What needs to be done ->
Beginning with the line that includes "Bright living room" and ending with the last line, print the records exactly, leaving every picture out.

Information shown ->

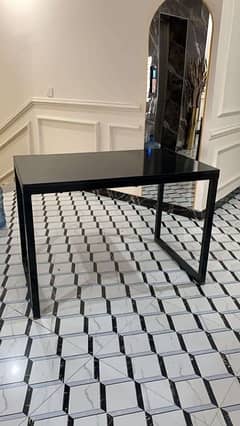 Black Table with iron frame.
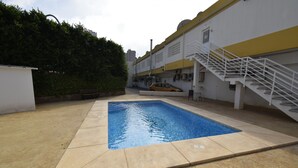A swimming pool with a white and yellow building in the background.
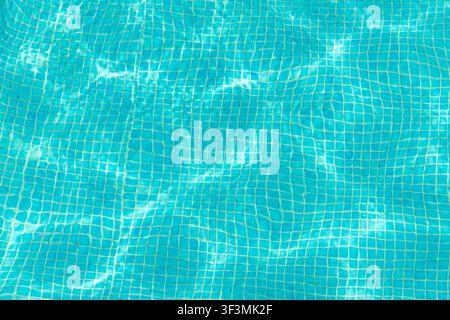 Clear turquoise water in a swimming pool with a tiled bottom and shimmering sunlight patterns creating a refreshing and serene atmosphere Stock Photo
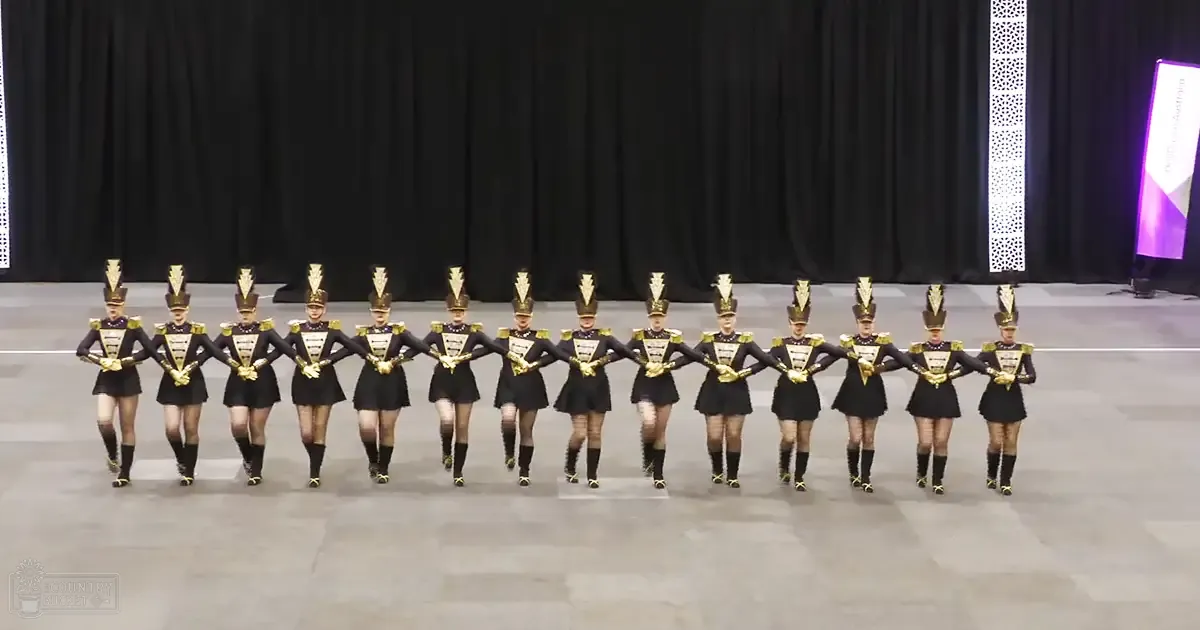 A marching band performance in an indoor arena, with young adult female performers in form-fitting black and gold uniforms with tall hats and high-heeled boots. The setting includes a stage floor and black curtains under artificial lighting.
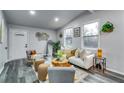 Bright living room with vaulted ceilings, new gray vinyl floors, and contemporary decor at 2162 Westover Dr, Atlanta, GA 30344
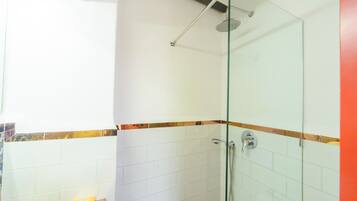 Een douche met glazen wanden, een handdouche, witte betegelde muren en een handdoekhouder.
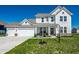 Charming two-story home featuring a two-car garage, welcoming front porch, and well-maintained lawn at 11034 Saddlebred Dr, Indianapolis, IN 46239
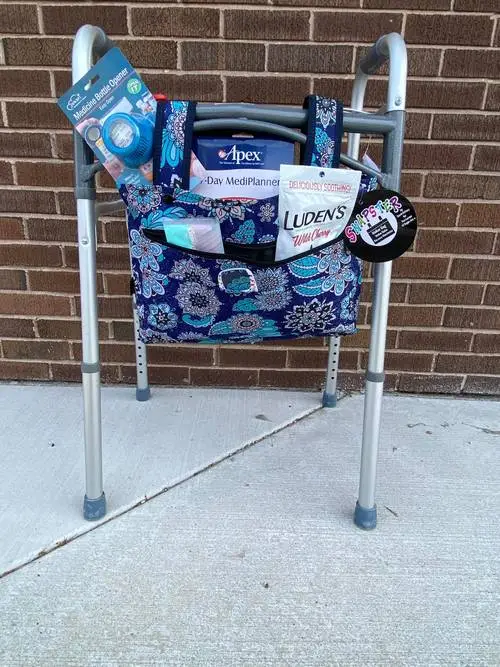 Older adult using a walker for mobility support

Result ->
 Bright living room with vaulted ceilings, new gray vinyl floors, and contemporary decor at 2162 Westover Dr, Atlanta, GA 30344
 Een douche met glazen wanden, een handdouche, witte betegelde muren en een handdoekhouder.
 Charming two-story home featuring a two-car garage, welcoming front porch, and well-maintained lawn at 11034 Saddlebred Dr, Indianapolis, IN 46239
 Older adult using a walker for mobility support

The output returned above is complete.